I finally heard God’s call
15 November 2000 16:24
Here is another powerful testimony received last year in response to Vassula’s request for testimonies:
I’ve lived an ordinary life, I guess, I grew up Roman Catholic in Rome, Italy. I served as an altar boy for several years and always felt very comfortable in a church, or among prists. Several times I thought of becoming a man of the cloth myself, however, growing up, any such thoughts were put aside, dismissed as childish ideals. I went on to highschool in Toronto Canada (to where my family had temporarely moved), and had a healthy and happy 5 years.
I was blessed with good, good friends, loving parents, a comfortable financial life, girlfriends, a car at 17 and so on. However there was something else I felt I was missing. The older I got, the stronger that feeling was. I finally graduated from highschhol and found myself having to decide what to do with my life. I decided to stay and study in University, trying to get a Master’s degree in Economics. I was going to study hard, graduate top of the class, make lots of money and have fun, fun, fun.
Over the years in university, I grew unhappy, unmotivated, lost. I thought at first it was because I no longer liked what I was studying.

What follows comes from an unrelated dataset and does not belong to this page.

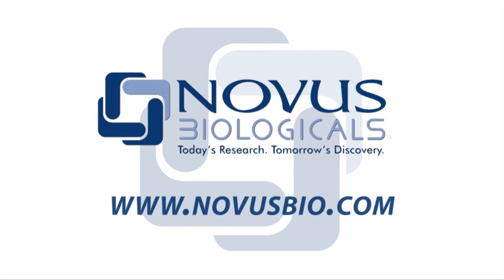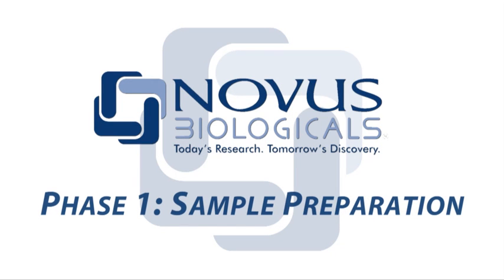Welcome to the Novus Visual Protocol series. In this video, we will learn how to perform all phases of a western blot using the most common methods for this assay.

Then I began making excuses, like I was working too hard, not enough female companions, not enough money to enjoy life….. but the more I reached and obtained all those, the more depressed I felt.
One day, while vacationing in South America, my mother gave me the first book of Vassula’s work. I read a couple of messages, and immediatly dismissed it; I felt unconfortable with the intimacy Jesus was showing
her, calling her a bride and all. Besides, she was married and was not
Catholic. As time progressed, my life did not get any easier. In
particular I can’t quite seem to remember, one time I came back to Canada
with one of Vassula’s books. It had been over a year since I first saw
it, and now my older sister had adviced me to read it over. I did and
again, the same feelings of awkwardness sprang up.

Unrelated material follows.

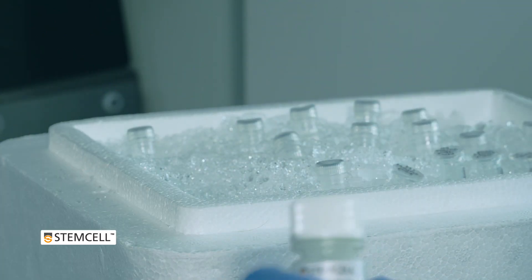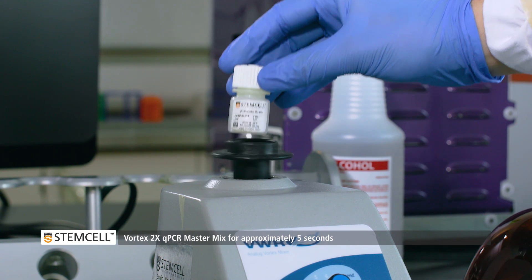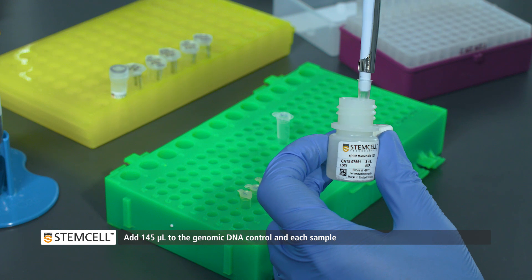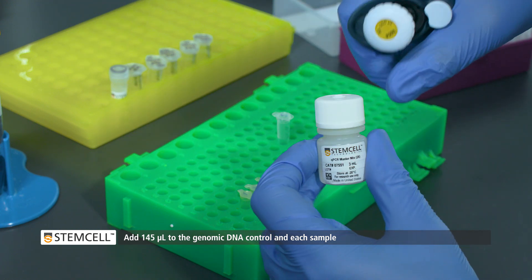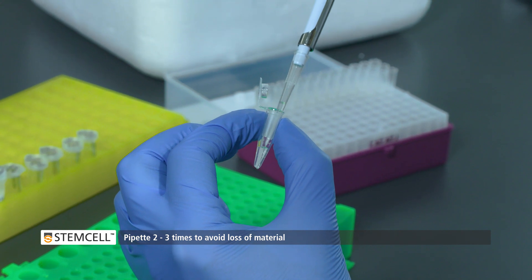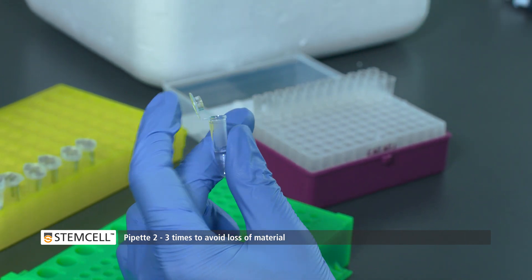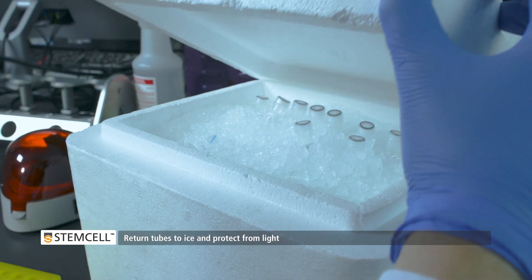Once all samples have been prepared, vortex the 2x qPCR master mix. Then add 145 microliters to the genomic DNA control and each genomic DNA sample. The qPCR master mix is viscous, so once added, pipet up and down carefully 2-3 times to mix. Then place the tube back on ice and protect from light.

However, no sooner had I read two messages, that I felt a jolt in my heart. Suddenly, I found myself reading the messages often coming to tears (and those who know me, know that I have a tough guy reputation).
Slowly, the more I read the messages, the more I wanted to read. After years of abandoning it, I began to pray again, to read the scriptures more and to even go to confession (something that I hadn’t done in years). Also I began to see the words Jesus was speaking to Vassula apply to me as well, to my life. Scriptures made sense, I saw everything in a new light, I felt closer to the Father than ever. I realized more than ever how much of a sinner I was, but at the same time how much Jesus was ready to forgive, without hesitation, without blame.

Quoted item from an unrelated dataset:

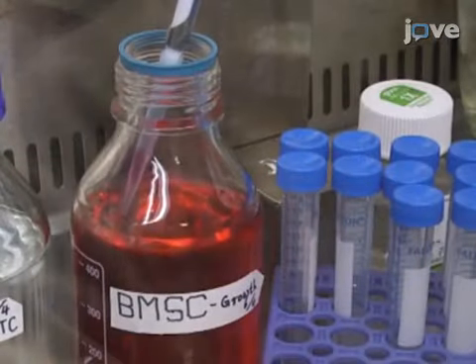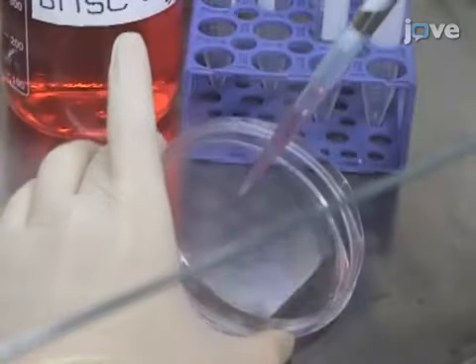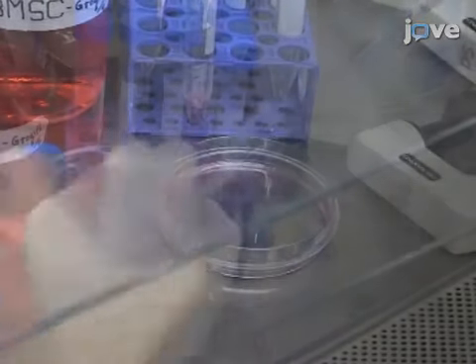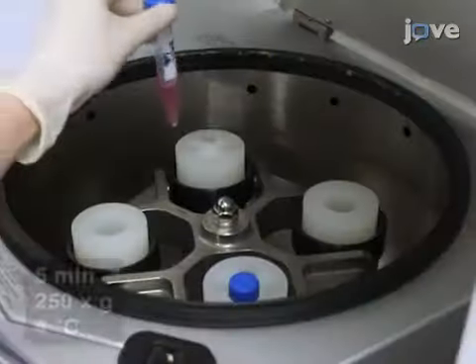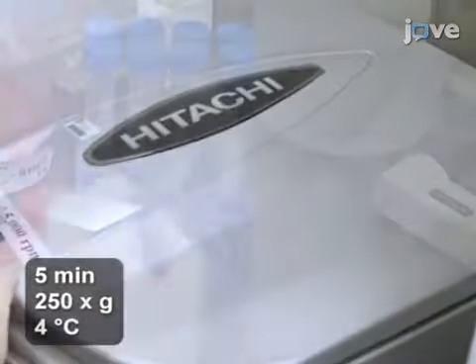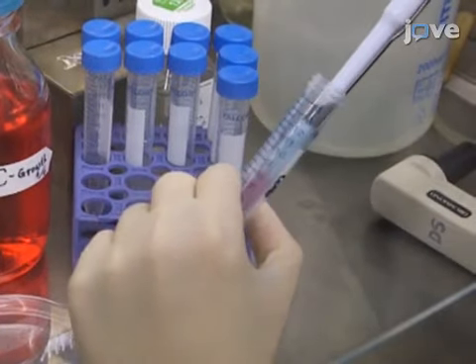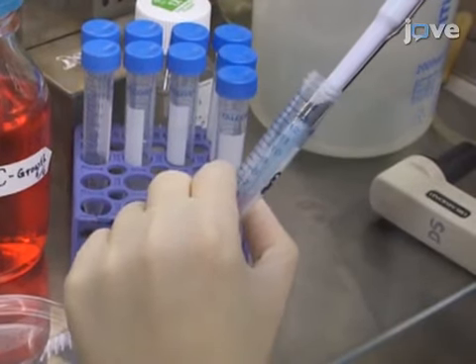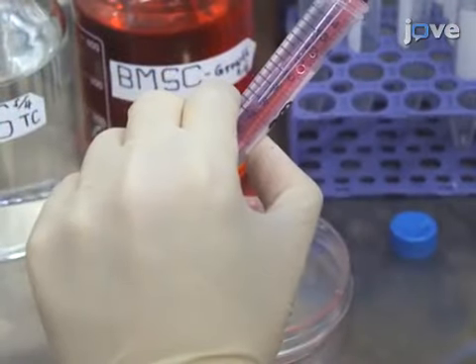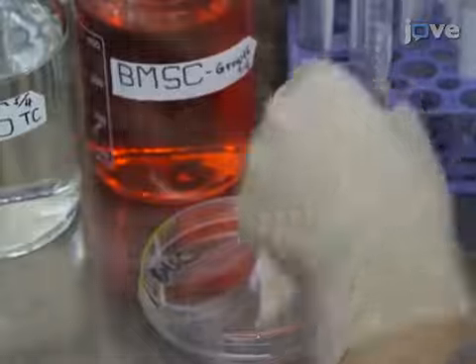After 5 minutes at 37 degrees Celsius, add 3 mL of MSC growth medium to neutralize the reaction and collect the detached cells by centrifugation. Resuspend the pellet in 5 mL of fresh MSC growth medium and seed the cells at a 4 x 10⁴ cells per square centimeter density in a new vessel.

All this did not happen overnight, I’ve been reading God’s messages to Vassula for a few years now. I could go into much greater detail about all the little transformations that God has worked in me through those messages, but I would not want to write the great epic!! Probably, though, the greatest (surely the most significant) is that I finally heard God’s call, and this time He gave me the courage to be able to say yes.
I am leaving tomorrow to go back to Rome and enter the seminary, and if Jesus can find some space for this poor servant, I shall wish to become a priest myself. I do not think I would have been able to finally come to my sense had God not touched me day after day and filled me (when I most needed) with the Holy Spirit. I do not know who in authority in the Church will be reading this, but I most humbly beg of you to allow God to touch your heart the way He has touched mine; really seeing, is a marvelous gift He has given us. As He himself told Vassula in the message of Dec.14 1986:
“I am your Consoler. It (this guidance) will lead many to me, it will revive my children to come back to me and read my Word.”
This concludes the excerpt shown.